All well-appearing newborn infants born to women given a diagnosis of chorioamnionitis by
their obstetrical provider should undergo a limited diagnostic evaluation (no lumbar puncture) and receive empirical antimicrobial therapy (AII).
For all women who received adequate IAP defined as penicillin (preferred), ampicillin, or cefazolin (penicillin-allergic women at low risk of anaphylaxis) for 4 or more hours before delivery, their newborn infants require only routine care and observation in the hospital for 48 hours (BIII).
If these infants meet other discharge criteria, including term birth and ready access to medical care, discharge can occur as early as 24 hours after birth with follow-up care by a care provider within 48 to 72 hours (CII).

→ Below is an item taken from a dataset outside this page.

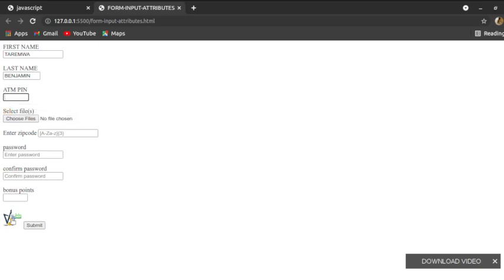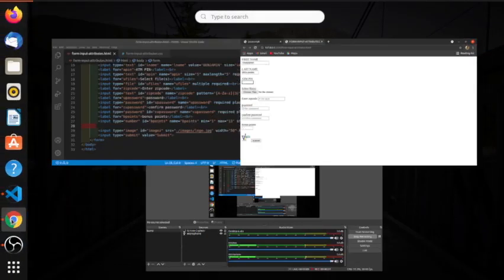We also looked at autocomplete. Those would be our input attributes for today. There are several other attributes — check out the tutorial 'Introduction to Forms Part One' where we looked at form attributes. That will be all for today.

Well-appearing term newborn infants whose mothers received no or inadequate IAP (including clindamycin or vancomycin) and had rupture of membranes for less than 18 hours require only observation for 48 hours (BIII).
Well-appearing term infants born to women with no or inadequate IAP and rupture of membranes for 18 or more hours before delivery should undergo a “limited evaluation” (ie, blood culture and CBC count with differential and platelets at birth) and observation for at least 48 hours (BIII).
All preterm infants born to women with no or inadequate IAP should undergo a “limited
evaluation” (ie, blood culture and CBC count with differential and platelets at birth) and observation for at least 48 hours (BIII).